採りすぎて「絶滅危惧種」などにならないことを切に願います。何十年か前までは、山にあるものも、それほど我も我もと採ることはなかったと思います。というより、採集に山に入る人がすくなかったのかもしれません。採ったものも流行の消耗品のように扱ったわけではないと思います。飽きれば捨てるといったような。

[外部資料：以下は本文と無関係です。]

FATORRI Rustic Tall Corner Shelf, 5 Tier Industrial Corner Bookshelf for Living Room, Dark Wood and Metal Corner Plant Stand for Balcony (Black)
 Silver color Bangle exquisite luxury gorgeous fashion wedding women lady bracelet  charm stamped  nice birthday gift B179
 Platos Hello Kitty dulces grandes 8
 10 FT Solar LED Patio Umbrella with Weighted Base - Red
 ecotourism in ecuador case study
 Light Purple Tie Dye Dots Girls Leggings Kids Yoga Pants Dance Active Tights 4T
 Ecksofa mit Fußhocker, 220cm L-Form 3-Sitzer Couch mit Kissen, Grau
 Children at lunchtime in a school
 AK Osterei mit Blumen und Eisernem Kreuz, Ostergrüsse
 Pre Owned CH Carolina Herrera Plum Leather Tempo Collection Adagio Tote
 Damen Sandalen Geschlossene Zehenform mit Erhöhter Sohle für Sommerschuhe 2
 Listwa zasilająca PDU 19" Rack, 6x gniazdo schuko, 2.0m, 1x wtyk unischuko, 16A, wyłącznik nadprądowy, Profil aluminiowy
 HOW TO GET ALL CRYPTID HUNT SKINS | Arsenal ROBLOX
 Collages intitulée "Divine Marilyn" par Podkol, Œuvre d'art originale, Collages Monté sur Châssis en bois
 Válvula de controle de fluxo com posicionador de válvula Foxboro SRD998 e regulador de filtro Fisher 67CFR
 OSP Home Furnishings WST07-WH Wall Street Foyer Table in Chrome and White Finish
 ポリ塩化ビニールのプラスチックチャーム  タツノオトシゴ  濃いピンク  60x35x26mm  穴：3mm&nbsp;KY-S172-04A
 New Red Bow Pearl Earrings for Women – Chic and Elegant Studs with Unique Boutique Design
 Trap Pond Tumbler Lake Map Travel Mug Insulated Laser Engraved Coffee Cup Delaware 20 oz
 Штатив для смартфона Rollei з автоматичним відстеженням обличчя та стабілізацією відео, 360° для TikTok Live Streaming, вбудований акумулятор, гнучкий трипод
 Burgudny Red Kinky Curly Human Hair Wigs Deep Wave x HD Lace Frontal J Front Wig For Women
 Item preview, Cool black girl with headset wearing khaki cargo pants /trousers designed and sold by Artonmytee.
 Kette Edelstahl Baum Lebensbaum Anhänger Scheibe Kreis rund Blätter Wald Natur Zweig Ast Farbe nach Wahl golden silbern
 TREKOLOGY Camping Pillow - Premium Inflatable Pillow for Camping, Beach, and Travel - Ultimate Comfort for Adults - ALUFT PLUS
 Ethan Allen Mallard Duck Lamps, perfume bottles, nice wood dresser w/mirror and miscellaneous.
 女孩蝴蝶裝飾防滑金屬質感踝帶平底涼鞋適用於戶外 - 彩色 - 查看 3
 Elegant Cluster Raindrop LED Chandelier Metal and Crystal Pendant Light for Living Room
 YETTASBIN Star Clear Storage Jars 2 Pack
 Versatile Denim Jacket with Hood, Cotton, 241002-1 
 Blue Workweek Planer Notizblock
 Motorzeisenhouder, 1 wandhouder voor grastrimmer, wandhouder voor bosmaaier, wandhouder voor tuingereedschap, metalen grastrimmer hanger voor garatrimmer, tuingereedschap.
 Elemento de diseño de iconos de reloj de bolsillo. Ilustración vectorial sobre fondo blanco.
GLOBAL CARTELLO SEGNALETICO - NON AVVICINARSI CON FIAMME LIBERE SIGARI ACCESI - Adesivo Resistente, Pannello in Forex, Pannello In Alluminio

今は、様々な情報とブームで、野生のものがあっという間になくなってしまう事態もまれではないという世界になっているものですから、ちょっと心配です。
分類では地衣類(ちいるい)になります。古いお墓の石にくっついる「コケ」は、正しくはコケではなくて地衣類。梅の木に着くウメノキゴケも、コケではなく地衣類。コンクリートにくっついているオレンジ色の”しみ”も地衣類。石の上のような厳しい環境で生きていける生き物なのです。ツンドラでトナカイが食べているトナカイゴケも地衣類です。
自然界では、草一本はえていない岩(たとえば溶岩)の上に最初に進出し、草のはえることのできる場所に変えていく役割を果たしています。
菌類とソウ類が仲良く一緒に共生して生きている、という、不思議な生物です。
ほとんど学校の勉強的になってしまいました。
これに懲りずにおつきあいいただけましたら、幸いです。